Microbiome. 2021 Nov 4;9(1):216. doi: 10.1186/s40168-021-01163-1.
Microbial acquisition and development of the gut microbiota impact the establishment of a healthy host-microbes symbiosis. Compared with other animals, the eusocial bumblebees and honeybees possess a simple, recurring, and similar set of gut microbiota. However, all bee gut phylotypes have high strain-level diversity. Gut communities of different bee species are composed of host-specific groups of strains. The variable genomic regions among strains of the same species often confer critical functional differences, such as carbon source utilization, essential for the natural selection of specific strains. The annual bumblebee colony founded by solitary queens enables tracking the transmission routes of gut bacteria during development stages.
Here, we first showed the changes in the microbiome of individual bumblebees across their holometabolous life cycle. Some core gut bacteria persist throughout different stages of development. Gut microbiota of newly emerged workers always resembles those of their queens, suggesting a vertical transmission of strains from queens to the newborn workers. We then follow the dynamic changes in the gut community by comparing strain-level metagenomic profiles of queen-worker pairs longitudinally collected across different stages of the nest development. Species composition of both queen and worker shifts with the colony's growth, and the queen-to-worker vertical inheritance of specific strains was identified. Finally, comparative metagenome analysis showed clear host-specificity for microbes across different bee hosts. Species from honeybees often possess a higher level of strain variation, and they also exhibited more complex gene repertoires linked to polysaccharide digestion. Our results demonstrate bacterial transmission events in bumblebee, highlighting the role of social interactions in driving the microbiota composition.
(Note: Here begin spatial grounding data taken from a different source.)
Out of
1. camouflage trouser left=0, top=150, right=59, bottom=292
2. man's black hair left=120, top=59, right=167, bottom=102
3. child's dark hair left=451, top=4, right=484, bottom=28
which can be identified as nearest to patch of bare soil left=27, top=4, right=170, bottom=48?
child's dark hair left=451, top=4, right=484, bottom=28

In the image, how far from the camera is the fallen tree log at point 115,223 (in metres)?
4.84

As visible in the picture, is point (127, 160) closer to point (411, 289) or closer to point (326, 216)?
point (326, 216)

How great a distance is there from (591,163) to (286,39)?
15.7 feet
By the community-wide metagenomic analysis based on the custom genomic database of bee gut bacteria, we reveal strain transmission events at high resolution and the dynamic changes in community structure along with the colony development. The social annual life cycle of bumblebees is key for the acquisition and development of the gut microbiota. Further studies using the bumblebee model will advance our understanding of the microbiome transmission and the underlying mechanisms, such as strain competition and niche selection. Video Abstract.
微生物的获取和肠道微生物群的发展影响健康宿主-微生物共生体的建立。与其他动物相比,真社会性熊蜂和蜜蜂具有简单、重复且相似的肠道微生物群。然而,所有蜜蜂肠道菌群都具有高度的菌株多样性。不同蜜蜂物种的肠道群落由宿主特异性的菌株群组成。同一物种菌株之间的可变基因组区域通常赋予关键的功能差异,例如碳源利用,这对于特定菌株的自然选择至关重要。由独居蜂王建立的年度熊蜂群体使我们能够在发育阶段追踪肠道细菌的传播途径。
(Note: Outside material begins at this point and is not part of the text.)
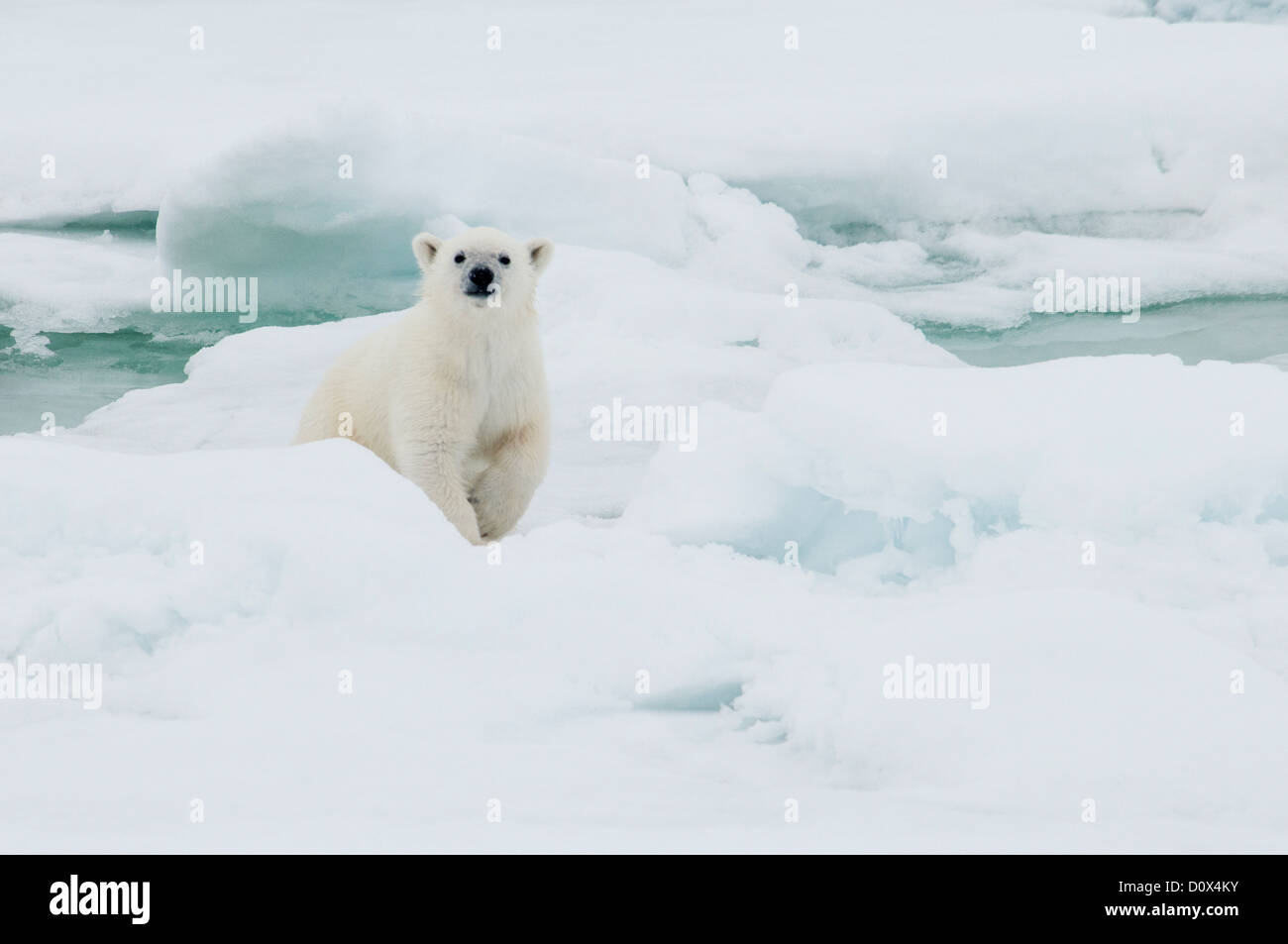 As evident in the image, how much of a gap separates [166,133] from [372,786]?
32.2 feet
在这里,我们首先展示了个体熊蜂在其全变态生命周期中微生物组的变化。一些核心肠道细菌在不同的发育阶段都能持续存在。新出现的工蜂的肠道微生物群总是与它们的蜂王相似,这表明菌株从蜂王垂直传递给新生的工蜂。然后,我们通过比较不同巢发育阶段纵向收集的蜂王-工蜂对的菌株水平宏基因组谱,跟踪肠道群落的动态变化。蜂王和工蜂的物种组成随着群体的增长而变化,并确定了特定菌株从蜂王到工蜂的垂直遗传。最后,比较宏基因组分析显示了不同蜜蜂宿主之间微生物的明显宿主特异性。来自蜜蜂的物种通常具有更高水平的菌株变异,并且它们还表现出与多糖消化相关的更复杂的基因库。我们的结果表明,在熊蜂中存在细菌传播事件,突出了社会相互作用在驱动微生物群落组成中的作用。
通过基于蜜蜂肠道细菌定制基因组数据库的全群落宏基因组分析,我们以高分辨率揭示了菌株传递事件以及随着群体发育的群落结构动态变化。熊蜂的社会性年度生命周期是获取和发展肠道微生物群的关键。使用熊蜂模型的进一步研究将推进我们对微生物组传播和潜在机制的理解,例如菌株竞争和生态位选择。